Exercise prompt:
Output all of the data exactly as it appears, but leave out any pictures it contains.

##### Available records

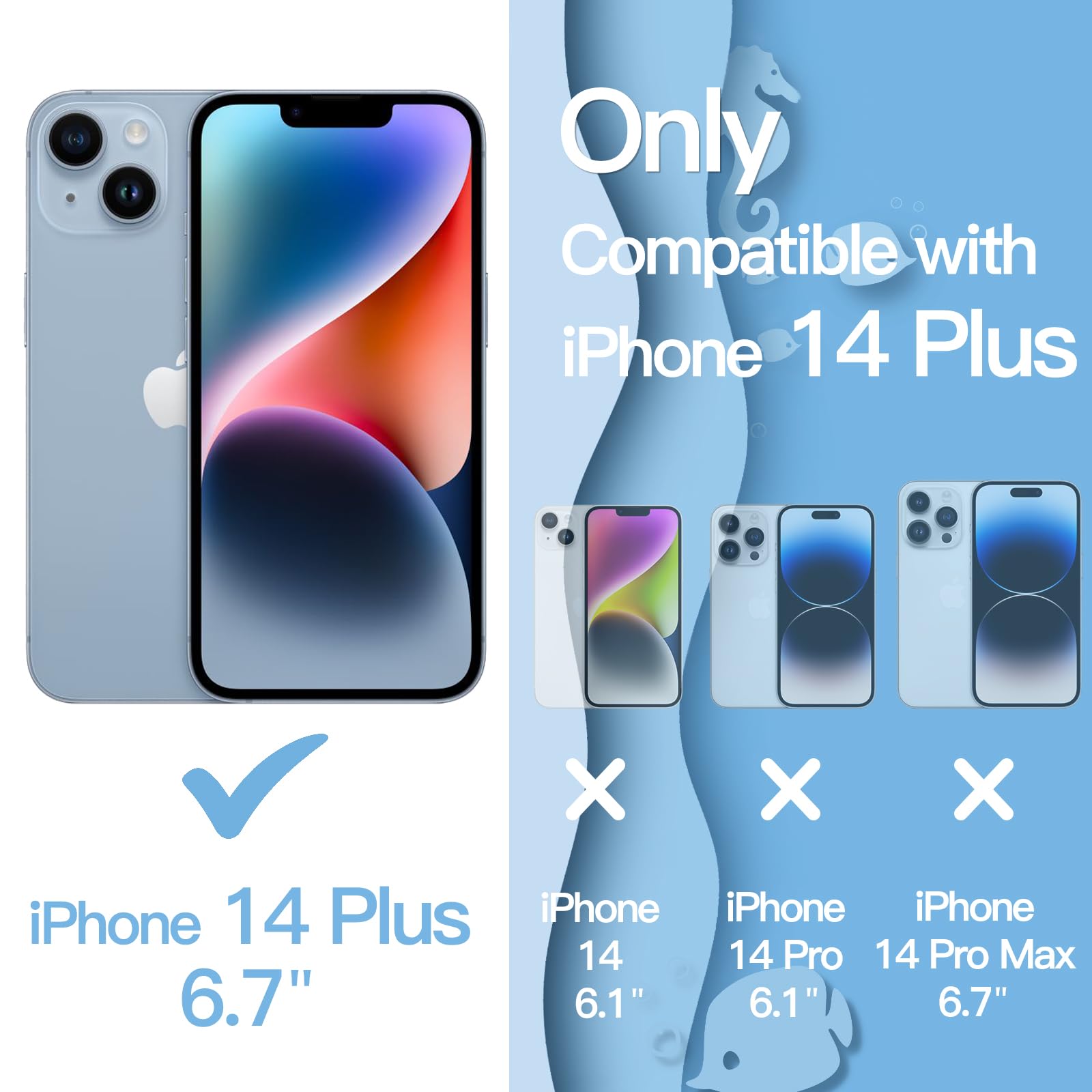 JETech iPhone 14 Plus Case 6.7 Inch - Cute Wave Frame Shockproof Clear Hard PC Phone Cover for Women & Girls (Blue) | Perfect for Everyday Protection & Stylish Outfits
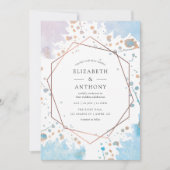 Trendy Waterverf geometrische bruiloft uitnodiging (Voorkant)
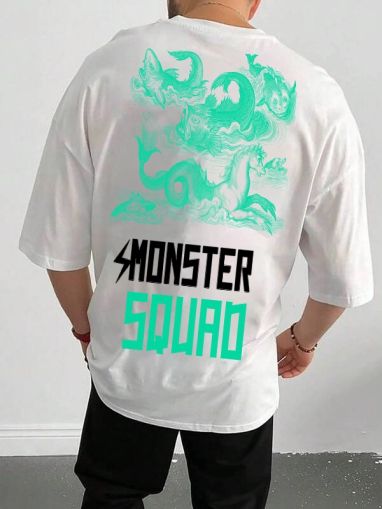 Muška majica MONSTER SQUAD Oversized bijelo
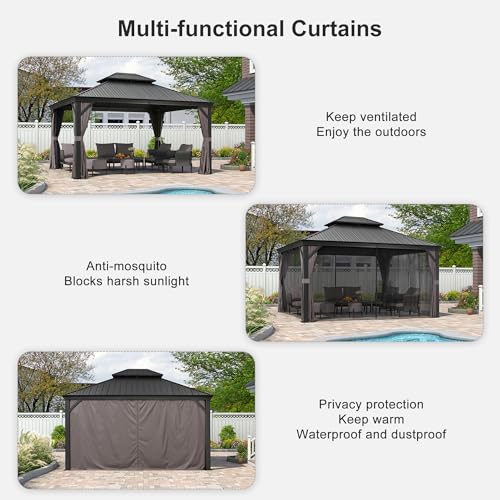 PURPLE LEAF 10' X 14' Permanent Hardtop Gazebo Aluminum Gazebo with Galvanized Steel Double Roof for Patio Lawn and Garden, Curtains and Netting Included, Grey
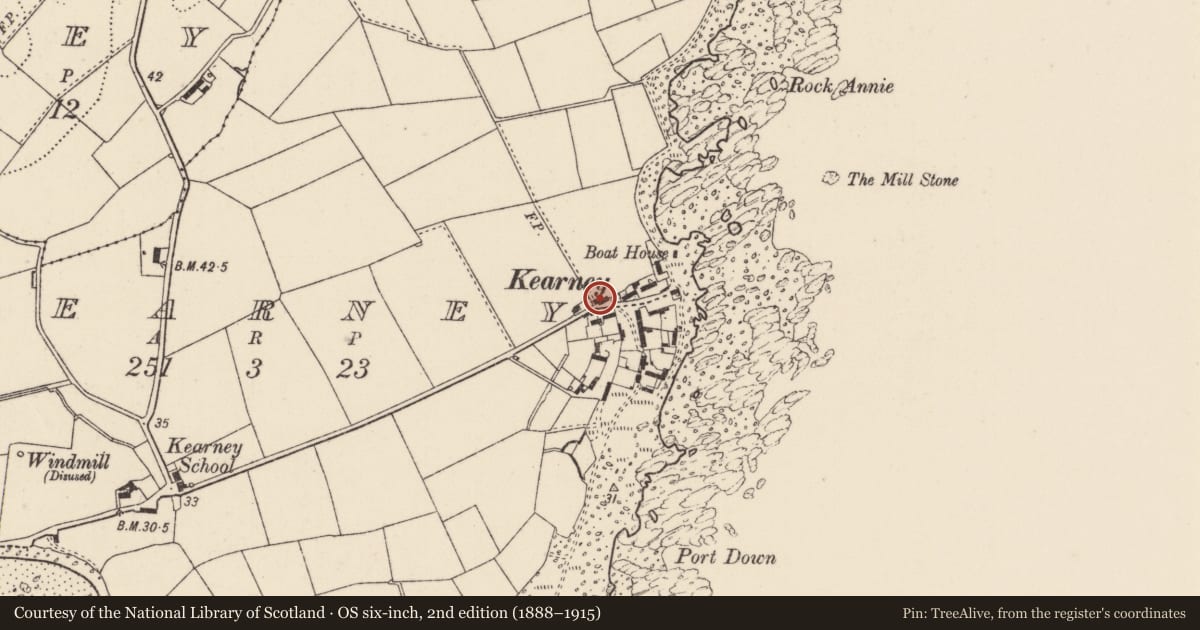 Ordnance Survey six-inch map, 2nd edition (1888–1915) covering the location of 2 Kearney Village, Ards and North Down, with a pin at the register's coordinates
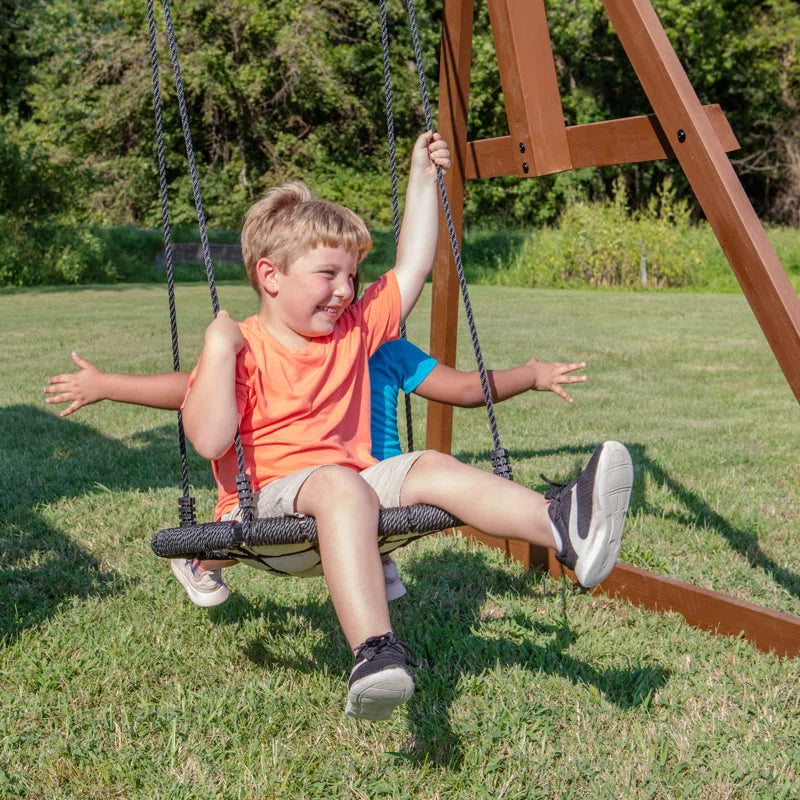Skyfort II Cedar Wood Swing Set with Spiral Tube Slide, Clubhouse, Crow'S Nest, and Picnic Table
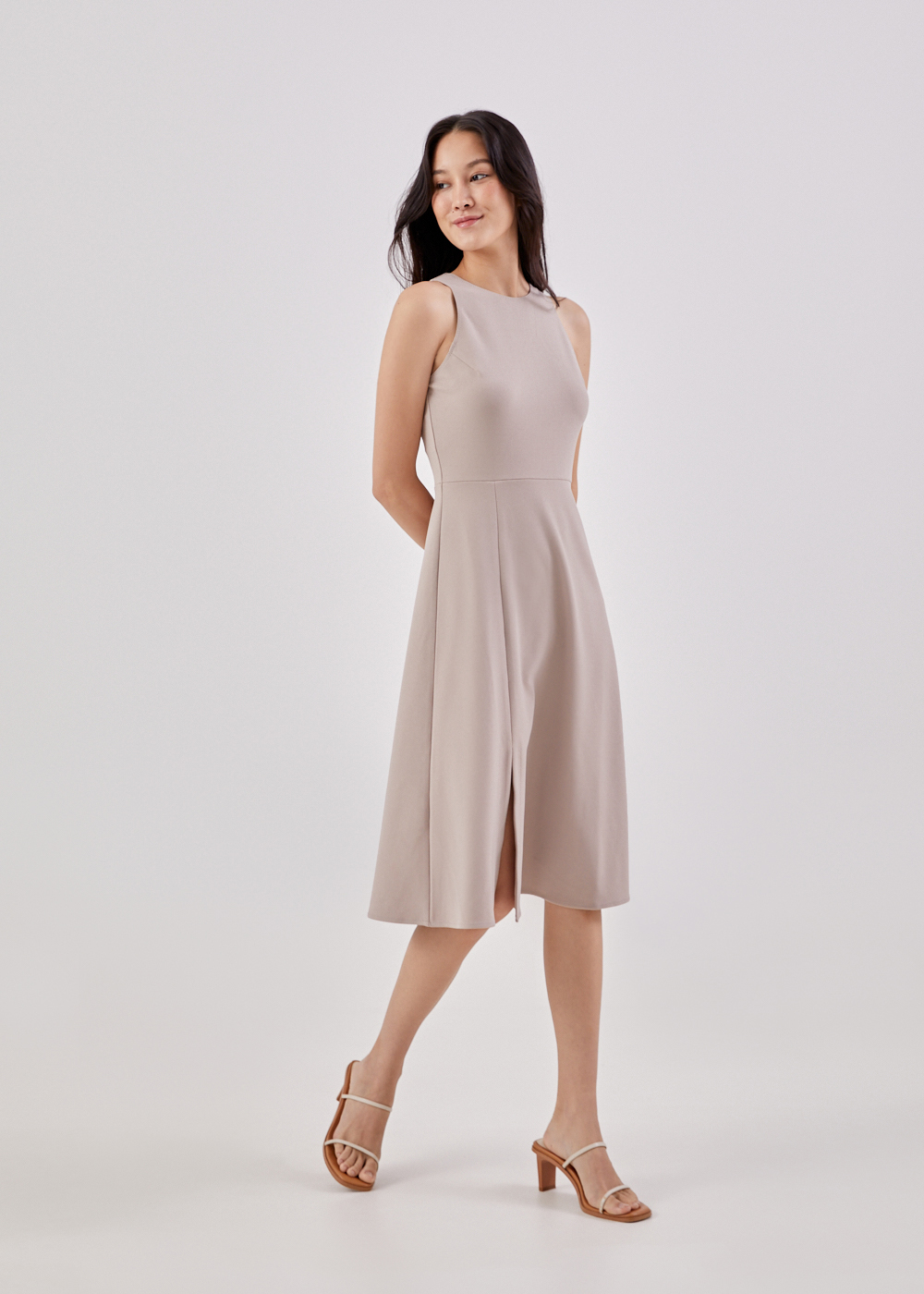 

Aylin Classic Front Slit Dress-043-L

##########

Result of this exercise:
 JETech iPhone 14 Plus Case 6.7 Inch - Cute Wave Frame Shockproof Clear Hard PC Phone Cover for Women & Girls (Blue) | Perfect for Everyday Protection & Stylish Outfits
 Trendy Waterverf geometrische bruiloft uitnodiging (Voorkant)
 Muška majica MONSTER SQUAD Oversized bijelo
 PURPLE LEAF 10' X 14' Permanent Hardtop Gazebo Aluminum Gazebo with Galvanized Steel Double Roof for Patio Lawn and Garden, Curtains and Netting Included, Grey
 Ordnance Survey six-inch map, 2nd edition (1888–1915) covering the location of 2 Kearney Village, Ards and North Down, with a pin at the register's coordinates
Skyfort II Cedar Wood Swing Set with Spiral Tube Slide, Clubhouse, Crow'S Nest, and Picnic Table

Aylin Classic Front Slit Dress-043-L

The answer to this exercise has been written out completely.